Si on laisse cette logique s’imposer, on en arrive donc à ce qu’a décrit le prix Nobel hétérodoxe Paul Krugman. Pour lui, nos programmes d’austérité sont l’équivalent des sacrifices humains chez les Mayas. Il faut analyser la crise actuelle à travers les catégories d’une crise de foi, donc d’une crise religieuse, pas seulement d’une crise de confiance. Nous sommes dominés par un socle de croyances et de crédulités conduisant à penser que, face à ces nouveaux dieux courroucés que sont les marchés financiers, nous n’avons d’autres choix que les rassurer avec des sacrifices ! Et des sacrifices humains. Chaque annonce d’un plan d’austérité implique plus de chômage, moins d’infirmières, moins d’éducation…
C’est pourtant une destruction de richesse réelle et humaine aussi absurde que les sacrifices mayas, qui ne parvenaient pas à arrêter les éclipses de soleil et n’ont pas empêché la civilisation maya de s’effondrer. On voit bien que c’est inefficace, mais on nous explique que c’est lié au fait qu’on n’a pas été assez loin dans le sacrifice ! Or, cette logique sacrificielle, si on la laisse aller jusqu’au bout, met en cause non seulement la démocratie, mais, ensuite, la paix elle-même.
Une économie entièrement autonome vis-à-vis du politique et de toute éthique engendre des formes de guerres civiles intérieures : on en a perçu les germes lors des émeutes britanniques de l’été. Mais elle porte aussi en elle les germes de guerres internationales. Les éléments de révolte sociale sont déjà présents et le seront plus encore avec les programmes d’austérité.

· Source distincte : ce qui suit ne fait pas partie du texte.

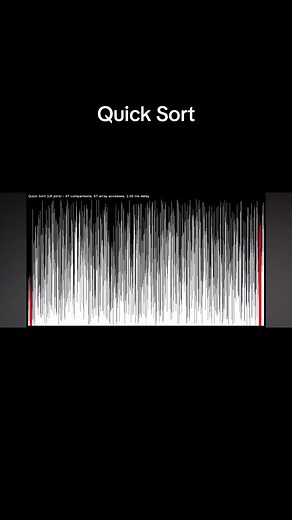 Understanding Quick Sort Algorithm in Computer Science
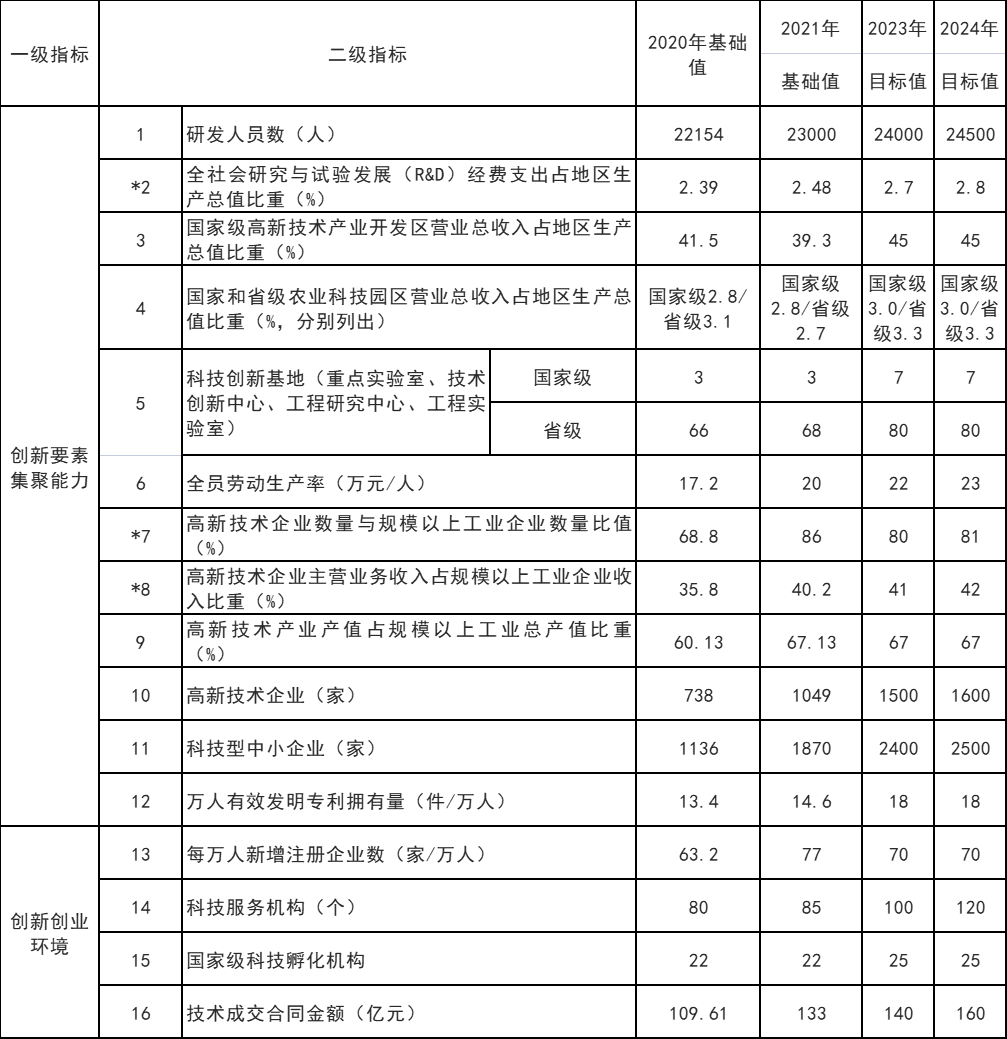 山東威海：打通核電、海上風(fēng)電、海上光伏等能源的上下游產(chǎn)業(yè)鏈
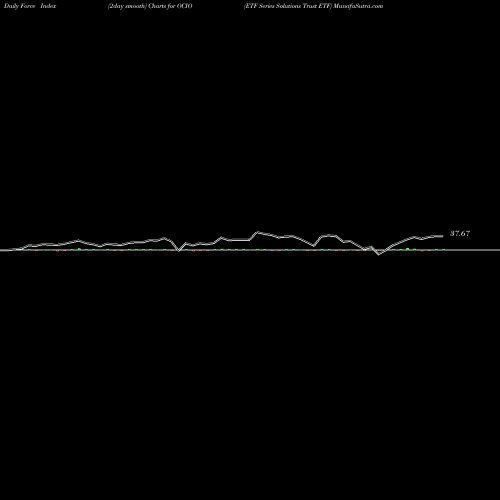 Force Index chart ETF Series Solutions Trust ETF OCIO share AMEX Stock Exchange 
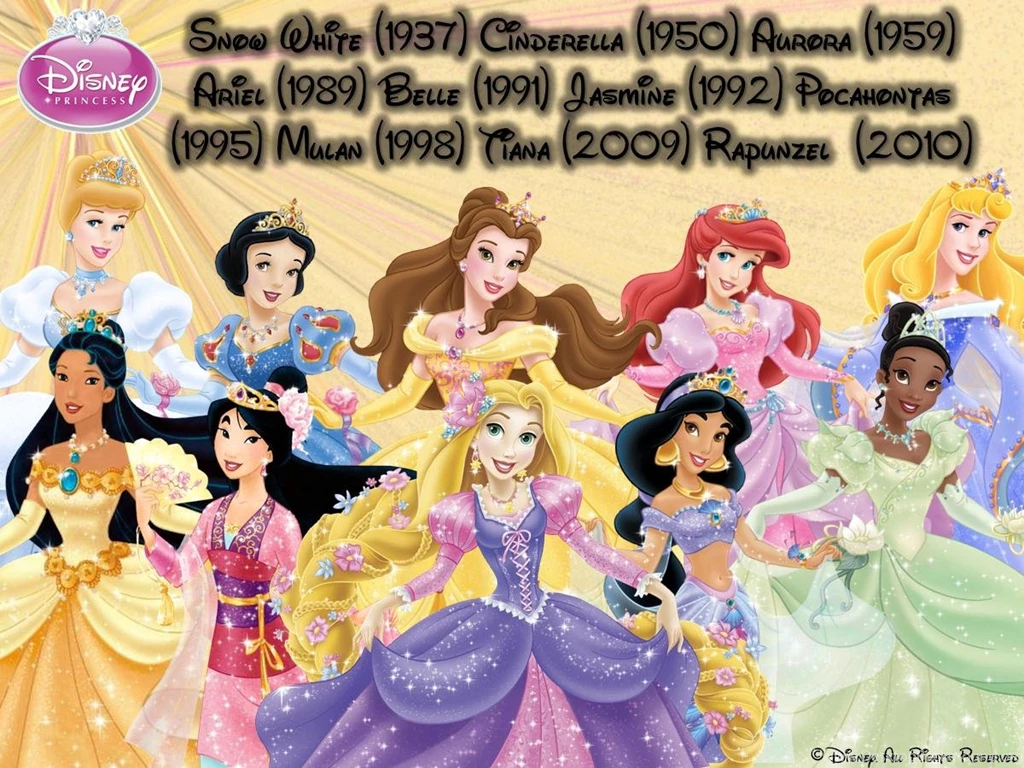 New Princess Wallpapers Wallpapers Cave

Et la meilleure façon de canaliser des révoltes, c’est toujours de construire des logiques de boucs émissaires. Soit des boucs émissaires intérieurs, comme les Juifs hier ou les Roms aujourd’hui. Soit des boucs émissaires extérieurs. Les révoltes sociales qui montent en Chine face à la classe des nouveaux riches pourraient bien faire que Taïwan devienne un enjeu de conflit majeur. Et, pour Israël, une bonne façon de détourner les puissantes revendications de leurs indignés, c’est un conflit avec l’Iran. Les politiques économiques actuelles sont autant de bombes à retardement planétaires.